Ash is Slingshot AI’s flagship voice/text chatbot, trained on the world’s largest and most diverse behavioral health dataset to become the first foundation model for psychology. The goal was to teach Ash not just what professionals say, but the action grammar and art of human support itself.
Nebius provided enterprise-grade GPU clusters and cloud infrastructure to train and optimize Ash’s AI models quickly and securely. Launched in July 2025, Ash now scales globally as a free Android and iOS app, relying on Nebius for re-training jobs, RL and inference for some of its models.
Slingshot AI was one of the winners of Nebius’ inaugural AI Discovery Award — a nod to their creative approach and technical ambition. Recognition from Nebius gave the team a welcome boost as they scaled up, with access to an infrastructure that lets innovators move fast from bold ideas to real-world impact.
One billion people with mental health needs
Ash’s debut is timely — the numbers tell a story of a mental health system buckling under demand. More than 1 billion people are living with mental health needs, and only 9% of those with depression receive minimally adequate treatment, according to the World Health Organisation. In the U.S., the story is no different, as an estimated 23% of Americans struggle with their mental health and only half receive any help.
This is the gap Slingshot AI was built to fill — not by replacing humans, but by creating a new type of support for the high volume of everyday struggles such as stress, anxiety, relationship troubles and more. Ash operates 24/7 and will cost less in a year than a single session of traditional support.
Co-founded by Neil Parikh, who previously scaled sleep products manufacturer Casper to an IPO, and Daniel Cahn, an AI engineer with experience in mental health crisis technology, Slingshot raised $93 million from investors including a16z, Radical Ventures and Forerunner Ventures.

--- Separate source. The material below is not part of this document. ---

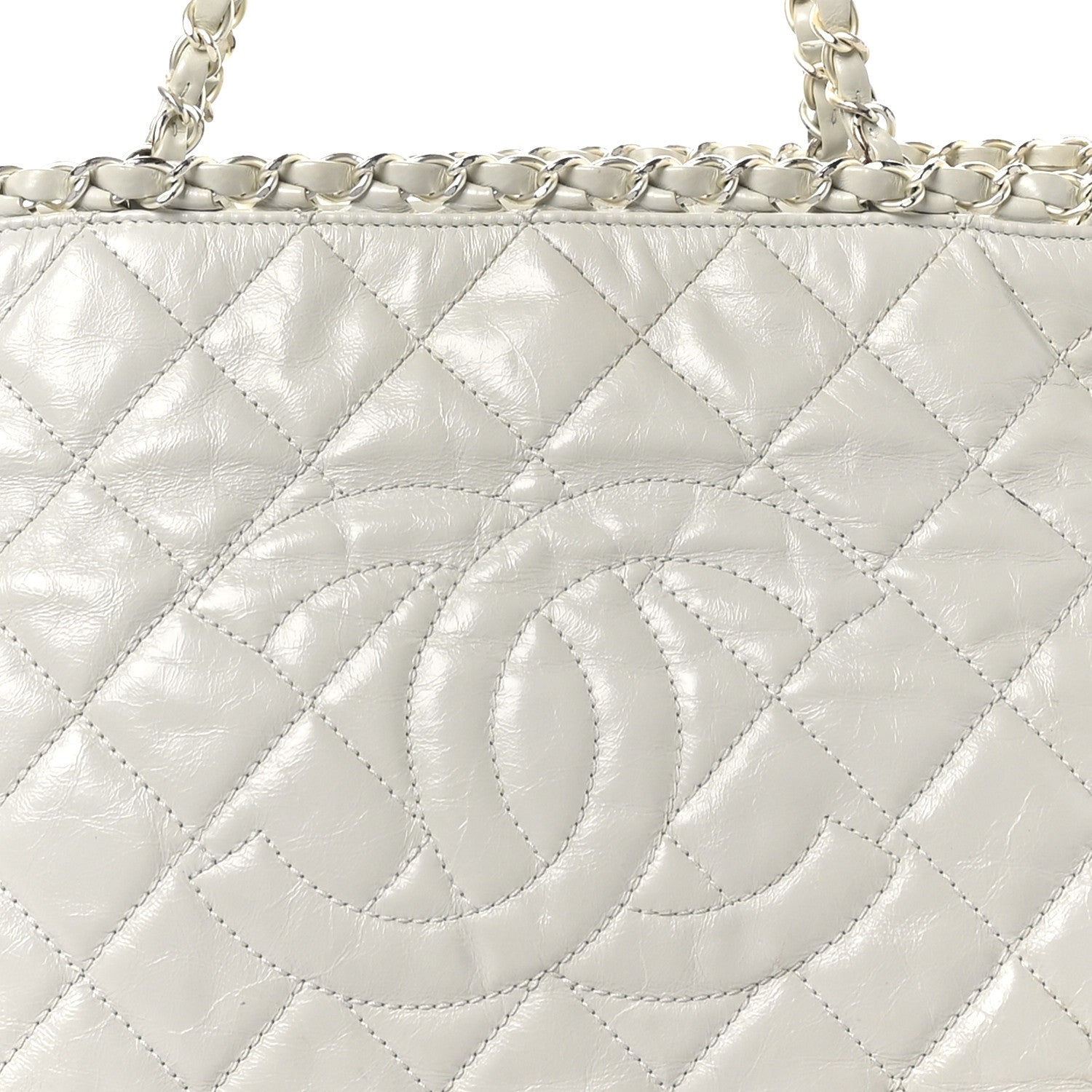 Glazed Calfskin Quilted Small Chain Me Tote Dark White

Slingshot AI’s technology takes a very different path from other mental health apps. Instead of building a ChatGPT-wrapper and tweaking it with freudian-style prompts, Slingshot devoted 18 months to training Ash to build something fundamentally new.
Training recipe and reward signals
The training process for a psychology LLM involves learning from a large collection of behavioral health data. The model absorbs therapeutic language, frameworks and techniques. These include diverse approaches like Cognitive Behavioral Therapy, Acceptance and Commitment Therapy, psychodynamic methods, Gestalt, motivational interviewing and more.

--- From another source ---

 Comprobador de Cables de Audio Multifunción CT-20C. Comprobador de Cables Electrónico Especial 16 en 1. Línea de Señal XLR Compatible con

Clinicians then adjust the model to evolve the support to a digital AI context and build in guidance for complex health situations. General-purpose AI assistants are trained to tell users what they want to hear. Effective support often requires the opposite, a thoughtful journey that involves tension. Teaching an AI to push back appropriately requires extensive work during the fine-tuning phase.

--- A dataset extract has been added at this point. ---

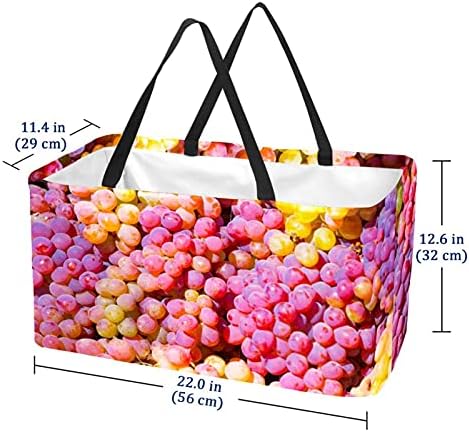 תיקי קונים 50L קונים ענבים פירות קופסת קניות מתקפלים תיק מכולת עם ידיות, לשימוש חוזר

Ash’s final training phase uses reinforcement learning. The model continuously improves by analyzing conversation outcomes and user behavior, creating a feedback loop that optimizes therapeutic interventions over time — something human therapists rarely employ at scale.
RL requires a reward signal to function. The reward system for Ash’s AI relies on a combination of expert-driven evaluation and user-generated signals. One of its sources is a reward model trained on thousands of comparisons written by clinical experts, ensuring the AI’s actions align with positive, long-term clinical outcomes.
Alongside this, the team gathers feedback signals from real user sessions — including ratings, actions like returning to the app and nuanced linguistic cues—distilling these into a comprehensive value model that captures engagement across hundreds of thousands of interactions.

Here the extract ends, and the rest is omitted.